= 2019 AT&T strike =

The 2019 AT&T strike was a labor strike involving approximately 20,000 employees of AT&T across the Southern United States. Members of the Communications Workers of America (CWA) initiated the strike on August 24, 2019, after negotiations over new labor contracts stalled. The work stoppage affected operations in nine states and lasted until August 28, when a tentative agreement was reached between CWA and AT&T, leading to the strike's conclusion.

== Background ==
On August 3, 2019, employment contracts between 20,000 members of the Communications Workers of America (CWA) and AT&T Southeast were set to expire. These workers primarily consisted of customer service representatives and technicians from AT&T's wired phone and Internet division. Leading up to this, discussions between the two parties regarding future contract agreements were proving to be unfruitful, and leading up to the expirations the CWA began to prepare for the possibility of a labor strike. The previous month, members of the CWA voted to authorize a strike if an agreement regarding contracts could not be made. On August 3, hundreds of telecommunications workers held a rally outside AT&T Midtown Center (AT&T Southeast's headquarters) in Atlanta. On August 10, the workers began to work without a contract. A meeting on August 20 between AT&T and union officials again proved fruitless, with the union alleging that proposals by the company would have reduced paid sick time, among other unwanted effects.
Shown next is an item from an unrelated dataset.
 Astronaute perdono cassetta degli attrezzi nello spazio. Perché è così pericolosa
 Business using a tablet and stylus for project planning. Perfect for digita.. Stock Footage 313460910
== Course of the strike ==
On August 23, the CWA announced a strike that would begin at midnight. They also filed a charge with the National Labor Relations Board alleging that AT&T was not bargaining "in good faith" and that they had failed to send proper representatives to contract discussions. A day prior on August 21, CWA locals 3120, 3121 and 3122 went on a Unfair labor practice protest in South Florida and walked out over issues associated with violations of the National Labor Relations Act. However, these actions were unrelated to and did not prompt the mass strike the following day. In total, the strike involved workers in Alabama, Florida, Georgia, Kentucky, Louisiana, Mississippi, North Carolina, South Carolina, and Tennessee.

On August 25, Senator and 2020 Democratic Party Presidential candidate Bernie Sanders met with strikers in Louisville, Kentucky ahead of one of his campaign rallies. On August 28, following an agreement between CWA and AT&T, CWA announced the strike had ended and workers could return to their jobs that day. As part of the agreement, the two parties agreed to a 5-year contract that included increases in wages and enhancements for workers' 401(k) and pensions. In general, the agreement was considered to be favorable to the labor union.